• [What to produce]:
Below are the entries to work from; restate word for word the portion that opens with the line containing "Squelette Armé D'une" and closes with the line containing "в Словаччині активно", keeping both.

• [Records for this exercise]:
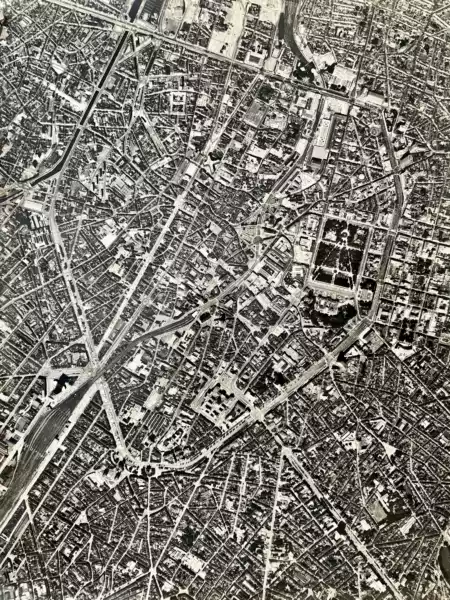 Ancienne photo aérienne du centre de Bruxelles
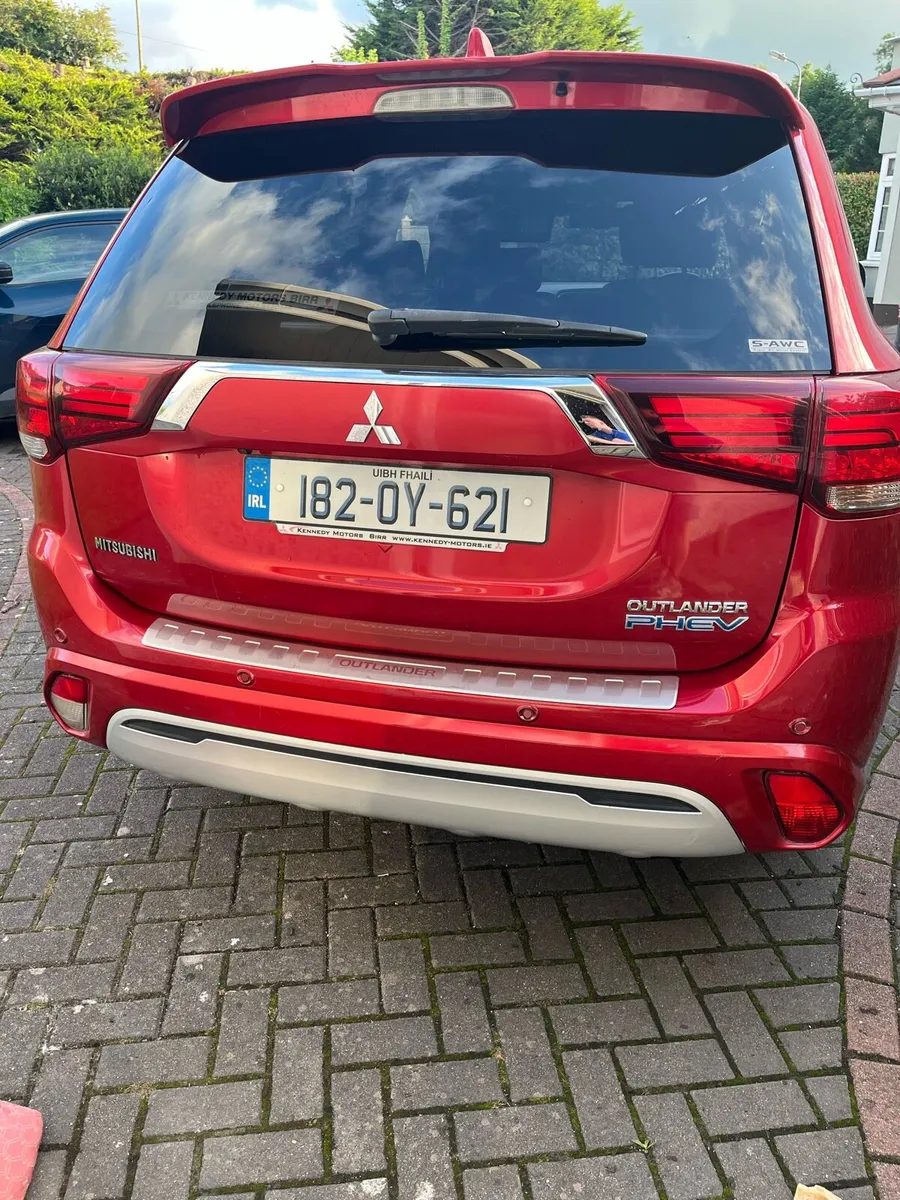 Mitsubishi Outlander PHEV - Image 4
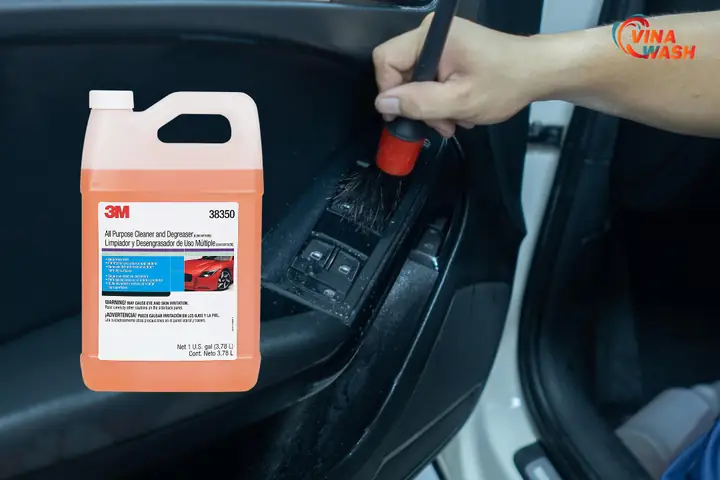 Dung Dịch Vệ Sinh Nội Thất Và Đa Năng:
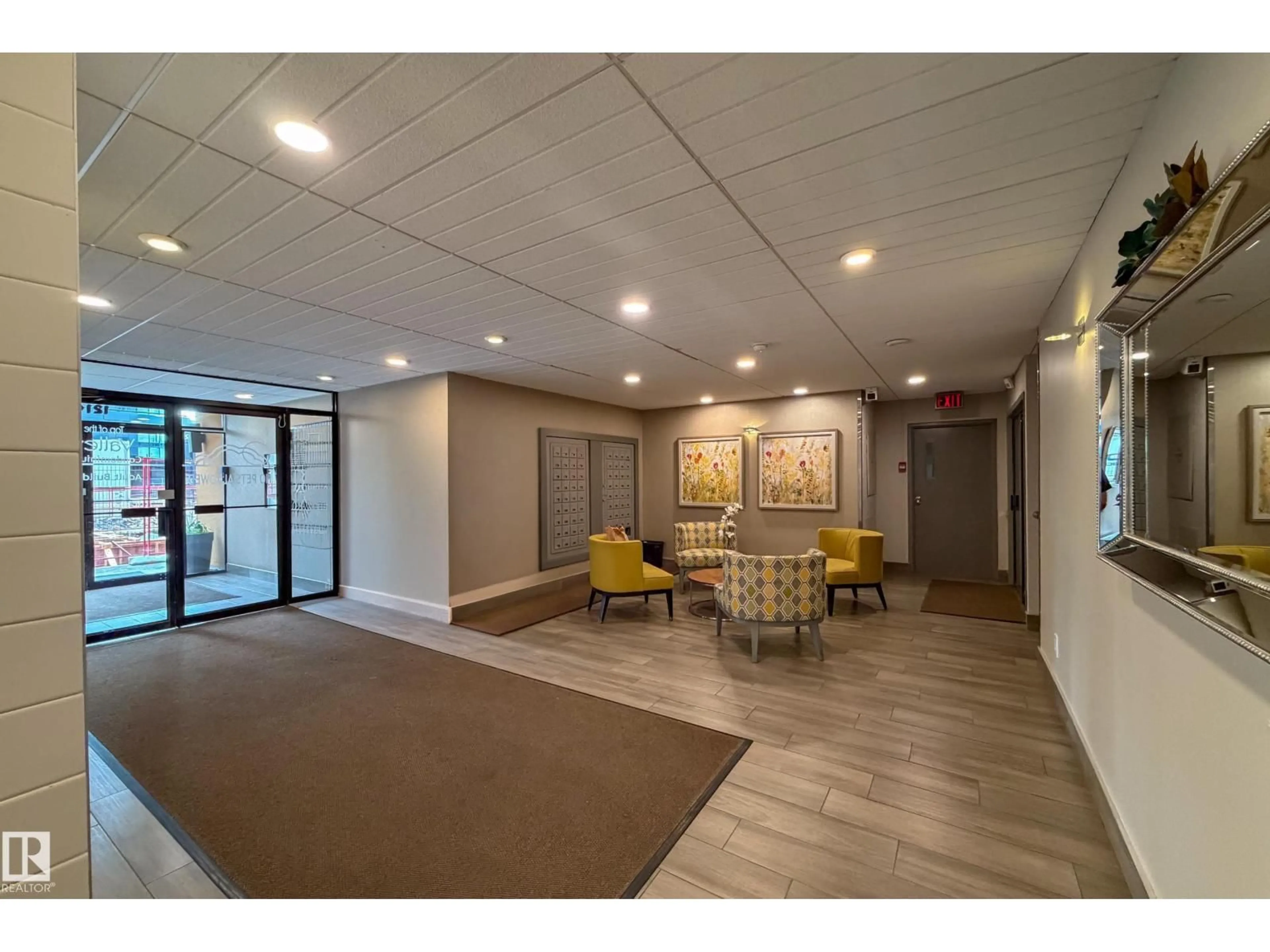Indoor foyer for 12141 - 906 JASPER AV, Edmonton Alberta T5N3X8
---
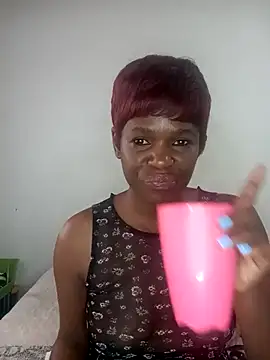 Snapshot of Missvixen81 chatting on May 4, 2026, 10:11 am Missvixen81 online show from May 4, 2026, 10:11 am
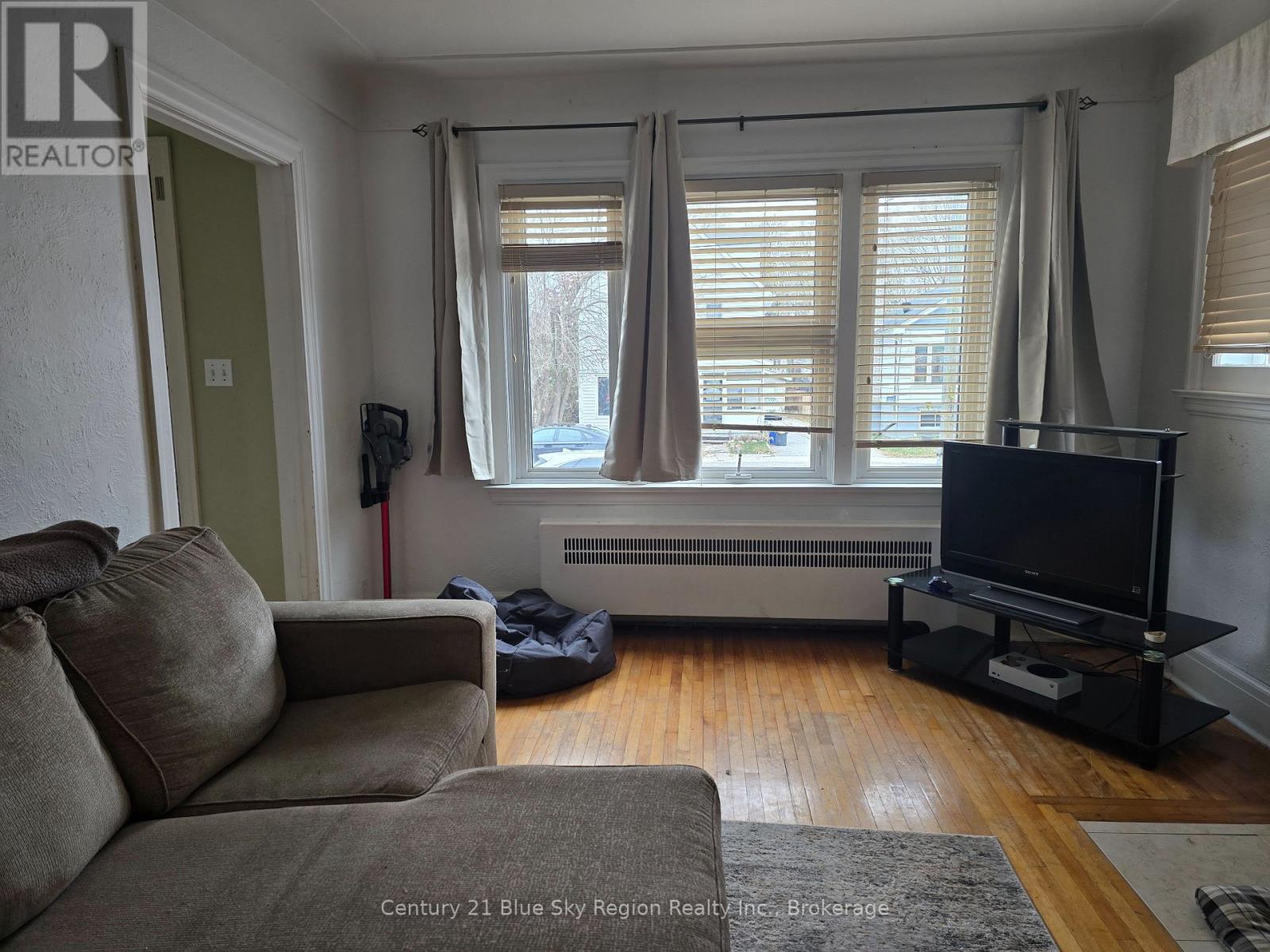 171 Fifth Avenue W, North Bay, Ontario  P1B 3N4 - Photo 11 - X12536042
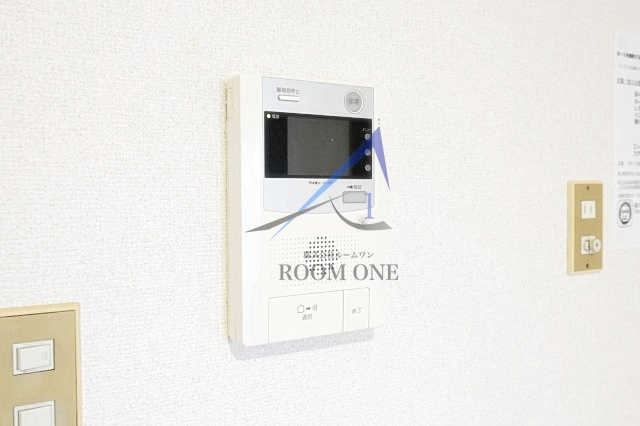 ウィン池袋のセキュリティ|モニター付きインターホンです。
--
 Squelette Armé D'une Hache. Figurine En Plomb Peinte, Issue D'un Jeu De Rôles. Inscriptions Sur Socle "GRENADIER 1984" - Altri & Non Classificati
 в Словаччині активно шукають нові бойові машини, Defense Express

• [Finished task]:
 Squelette Armé D'une Hache. Figurine En Plomb Peinte, Issue D'un Jeu De Rôles. Inscriptions Sur Socle "GRENADIER 1984" - Altri & Non Classificati
 в Словаччині активно шукають нові бойові машини, Defense Express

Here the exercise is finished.